今週のランキングで筆者の目を引いたのは,極端な価格の差です。かつて高額商品だったノート・バソコンやビデオ・カメラが5万円台2万円そこそこになるこのご時世に,東芝が発売する「CELL REGZA」は何と100万円。もしこの値付けが多くのユーザーに通用するのなら,競合他社も是非追随したいところでしょう。 CELL REGZAが採ったのは,現在の技術の粋を集めて最高の製品を作ろうというアプローチです。出来上がった製品は確かにものすごそう。宝くじに当選でもすれば,私も是非購入を検討したいところです。しかし,長年の貧乏根性が最後に顔を出して,結局は見送る気がします。なぜなら,たかだか数年ガマンすれば,似たような製品がずっと安く手に入ることを知っているからです。

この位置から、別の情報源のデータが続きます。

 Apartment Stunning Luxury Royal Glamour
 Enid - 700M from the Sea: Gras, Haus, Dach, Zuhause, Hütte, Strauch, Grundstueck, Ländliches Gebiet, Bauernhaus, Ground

 電子機器の価格下落が止まらない一因は,ここにあるのだと思います。今無理して高い製品を買わなくても,数年後に安い製品に買い換えた方が,結果として得なんじゃないか。一消費者としては,どうしてもそう考えてしまうのです。ならば,高い価値が長持ちする製品を実現することが,これからの電子業界には必要不可欠では。そう思って無い知恵を絞ってみたら,やっぱり24金とか,そっち方面しか出てこない。自分の想像力のなさにほとほと呆れはてたころ,ようやく浮かんだヒントが,使えば使うほど味が出るというキーワードです。

 恐らくその一つの姿は,増え続けるデータを上手に扱える製品でしょう。最近の電子機器は,何でもかんでもデジタル化してしまいます。旅行に行けば写真の,仕事をすればプレゼン資料の,忙しければ予約した番組の,デジタル・データがどんどん増えていきます。結果としてデータの大爆発が生じているのは御存じのとおりです。ところがデータが増えても機器に味が出ることはあんまりありません。パソコンではむしろ,使うほどに動作がおかしくなるのは,増えすぎたデータのせいではと疑いたくなるくらいです。そんな現状とは逆に,データが増すほど使い勝手がよくなる製品が,これから求められるのではないでしょうか。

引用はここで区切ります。